### PROBLEM
The reply should contain all the data below, repeated exactly, and none of the images.

### RECORD SET

= Beginning of Section =

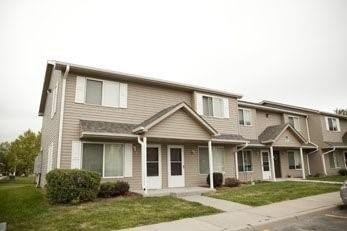 2065 Nash Blvd - Photo 1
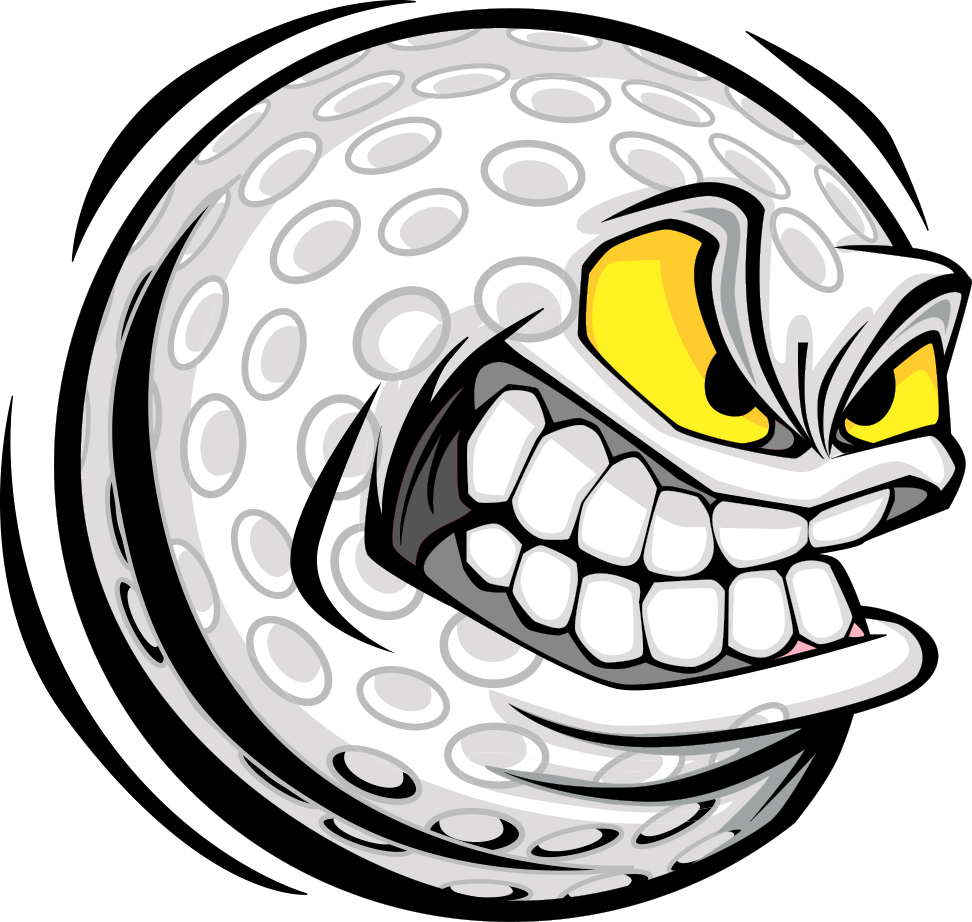 T Shirt For Sale On Teespring Halloween Day Golf Clip - Skins De Alis Io Png Transparent Png (972x922), Png Download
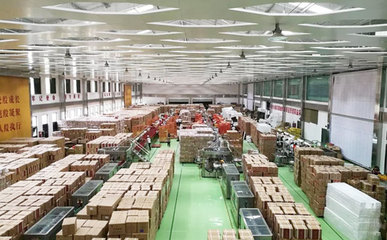 成都紅酒批發市場與技術進出口指南 地址、電話與貿易服務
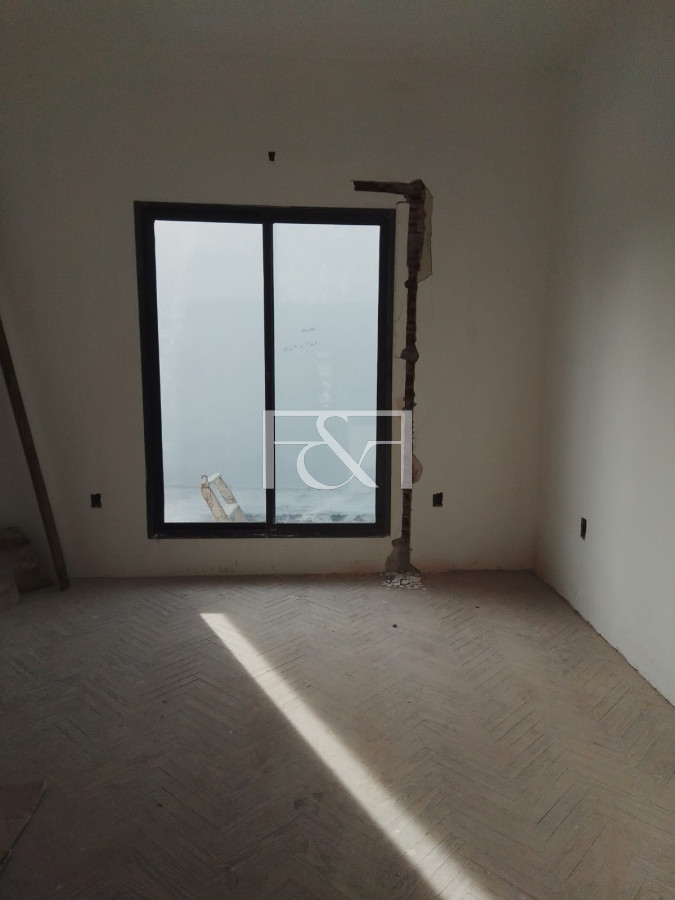 Apartamento ID.2779 - Venta apartamento a estrenar , ley de vivenda promovida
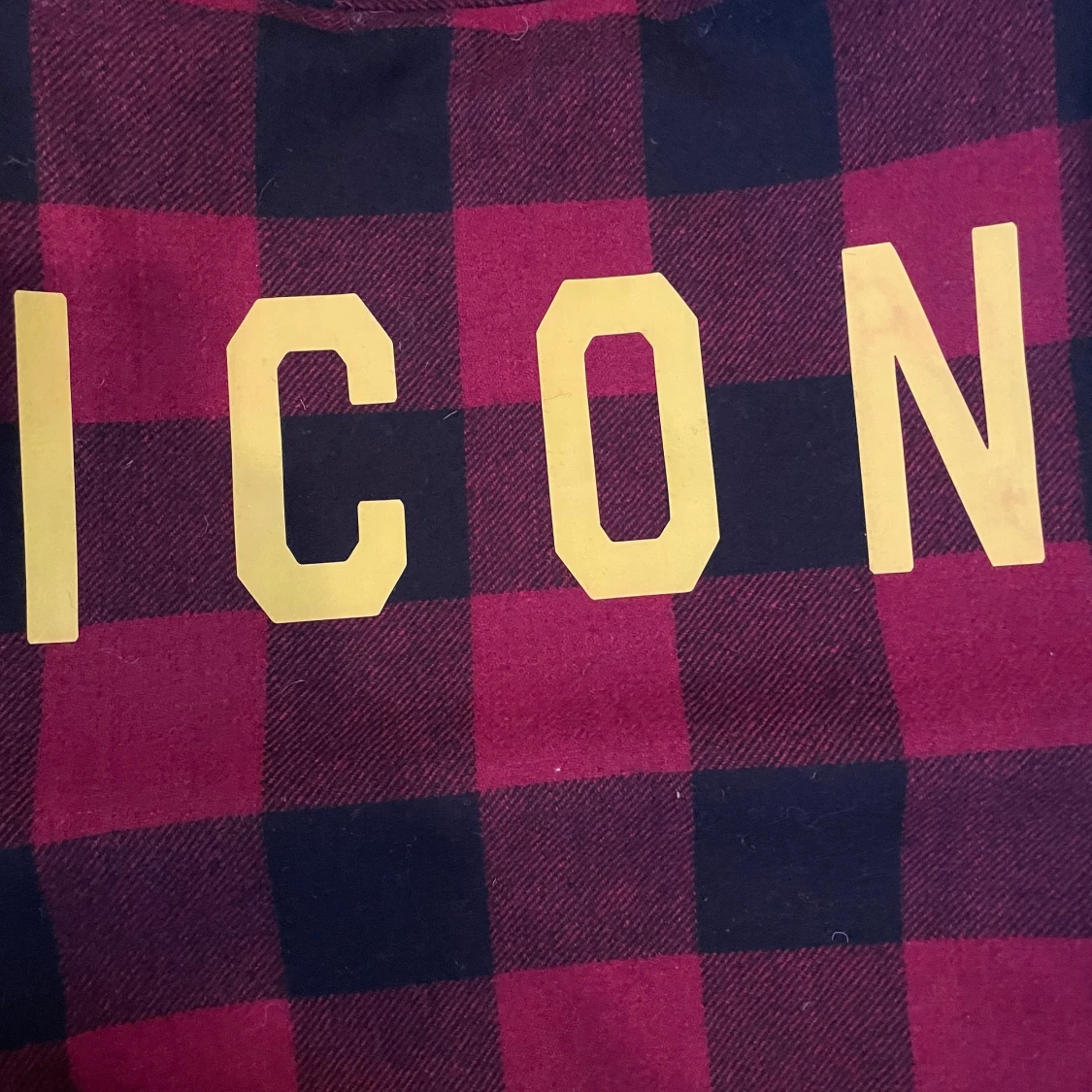 Dsquared2 Jacka - 91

= End of Section =

### SOLUTION TO THE PROBLEM
 2065 Nash Blvd - Photo 1
 T Shirt For Sale On Teespring Halloween Day Golf Clip - Skins De Alis Io Png Transparent Png (972x922), Png Download
 成都紅酒批發市場與技術進出口指南 地址、電話與貿易服務
 Apartamento ID.2779 - Venta apartamento a estrenar , ley de vivenda promovida
 Dsquared2 Jacka - 91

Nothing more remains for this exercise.